Shattering stereotypes through academic excellence with MIT-AFRICA
Computer Science has long been a male-dominated field but four young female students are working on changing that narrative.
Francheska Machubelle, Jenna Hawk, Jasmine Zou, and Christabel Sitienei, all final year computer science students at the Massachusetts Institute of Technology (MIT) ran the first Durban University of Technology-MIT Summer School Programme on a Quantitative and Qualitative Data Analytics Workshop.
The workshop took place at the Ritson Campus from 13 – 28 January.
The four students were teaching computer science to DUT PhD, Masters and undergraduate students who are majoring in Information Technology and Economics.
Sitienei, a Kenyan born MIT electrical engineering and computer science graduate, spoke on how she has navigated being subjected to stereotypes throughout her academic and professional career as a black woman.
“I think the stereotypes vary a lot, depending on where you’re from, how you look like, how you wear your hair and how you dress,” she said.
“For instance, when I was in Jordan, everyone thought I was a maid because every black woman there is usually a housemaid. I’ve also been in spaces where everyone thinks I’m a secretary when I walk in with my computer, usually to take notes or to code. They normally say things like “Good Morning Gentlemen” and then don’t acknowledge me.”

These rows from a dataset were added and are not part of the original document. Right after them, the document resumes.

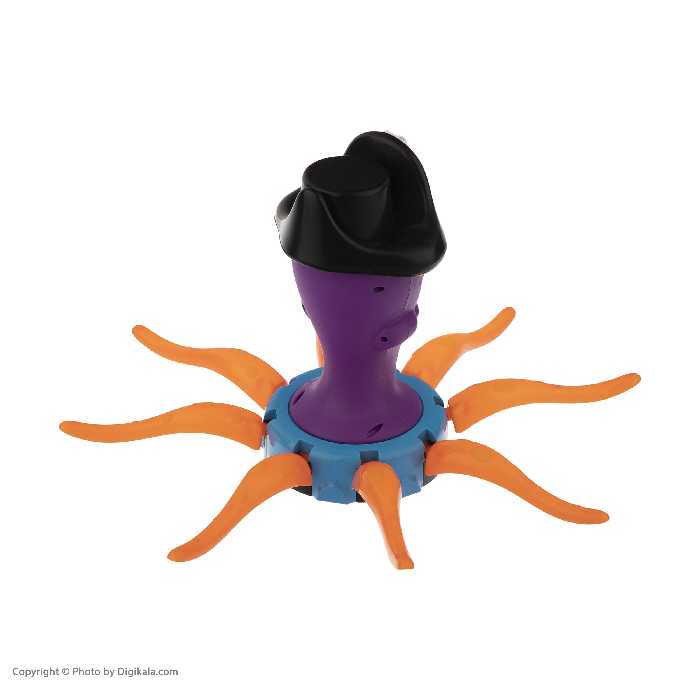اسباب بازی مدل اختاپوس کد 50810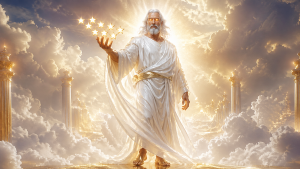 Christ Among The Lampstands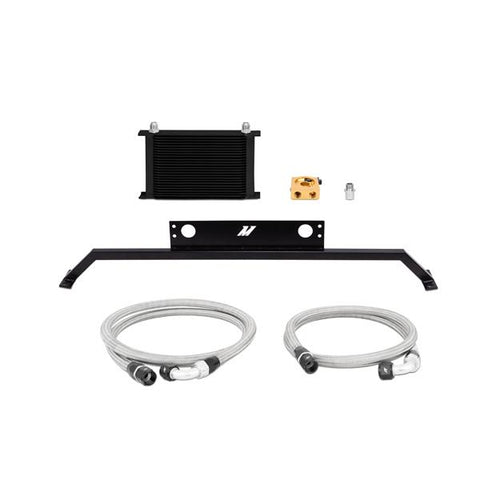 Mishimoto Thermostatic Oil Cooler Kit | Multiple Fitments (MMOC-MUS-11T)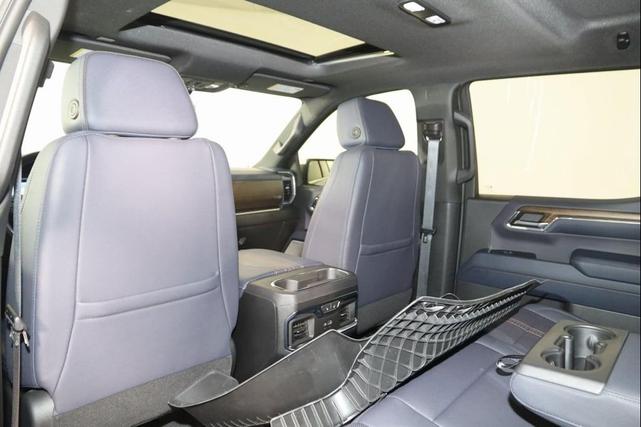 Photo of 2024 Dark Ash Metallic Chevrolet Silverado 1500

According to the Bureau of Labor Statistics women in the United States of America (USA) only earned 18% of Computer Science bachelor’s degrees.
Computer science remains a male-dominated field not just in the USA but also in South Africa as Zoe acknowledged the representation of the classes she taught.
“I would also like to note that while our class was predominantly male, the female students that we had were amazing. They have been such hand workers and getting the skills just as fast as everyone else and all of the stereotypes that you hear like oh “Women can’t do the math as well” is all garbage,” she said.
The programme is set to be an annual mainstay on the DUT calendar, advancing the scope of research, data analysis, innovation, and scholarship.